Au sein de ce livre, Charles Onana revient sur une de ses idées fixes « le drame du Rwanda » – l’une des multiples appellations qu’il utilise pour ne jamais mentionner précisément le génocide des Tutsi – aurait été soigneusement pensé par les Tutsi et les Anglo-saxons pour « installer un dirigeant en mesure d’envahir le Congo et de s’emparer des richesses au profit des entreprises minières occidentales et des intérêts privés anglo-américains soutenus par certains dirigeants occidentaux ». Le génocide contre les Tutsi est présenté comme « un drame » dépolitisé, non planifié, ayant servi un bien plus grand et sombre dessin : l’envahissement et le contrôle du Zaire, mais plus largement de toute l’Afrique centrale par « les Tutsi », pour former un « empire nilotique ». On retrouve donc tout au long du livre le même fond idéologique qui a mené au génocide perpétré contre les Tutsi via la création d’un « protocole des sages de Sion » version Hutu Power diffusé dans toute la région des grands lacs dès les années 50. L’ouvrage est confus, complotiste et négationniste au-delà d’être de très basse qualité littéraire et argumentative.
Dans son chapitre nommé « le déploiement militaire anglo-américain au Rwanda », il invoque Eugène Rwamucyo comme argument d’autorité en appui à ses thèses, un présumé génocidaire visé par un mandat d’arrêt international et poursuivi en France pour génocide et crime contre l’humanité. Il est simplement présenté par Charles Onana comme « un rwandais, médecin ». Plus largement, il cite sans cesse les noms les plus populaires du négationnisme et de la haine anti-Tutsi : Justin Bitakwira, Stephen Smith, Robert Gersony, Pierre Péan, Bernard Debré. Il montre une affinité avec les groupes congolais ultra-meurtriers maï-maï dont il explique la mission essentielle pour lui de « se défendre des Rwandais ».

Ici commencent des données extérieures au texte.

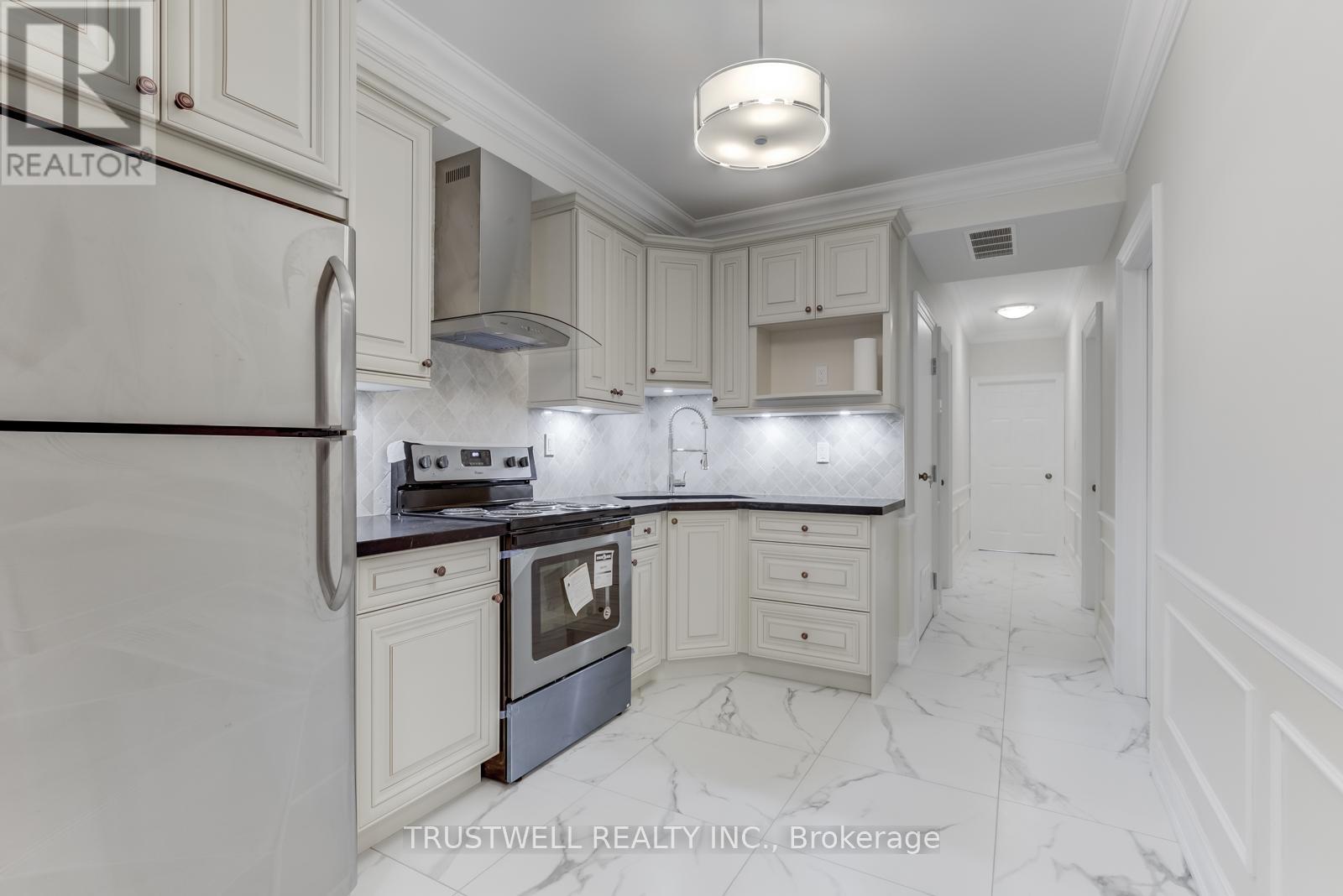 142 BORDEN STREET - 29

Charles Onana use d’un racisme biologique ferme et caractérisé dans de longues tirades concernant les populations ayant migré au Kivu depuis des dizaines voire des centaines d’années. Il tranche fermement sur l’illégitimité totale de ces populations à se revendiquer comme congolais. Dans la logique de cette idéologie, il se montre également antisémite. Malgré ces faits établis, Charles Onana semble échapper à la caractérisation de polémiste d’extrême droite du fait de ses origines camerounaises – de son ethnicité minorisée – et d’une posture de surplomb négrophobe des observateurs internationaux évaluant la situation géopolitique des Grands Lacs ainsi que leurs protagonistes tels une éternelle nuit civilisationnelle africaine.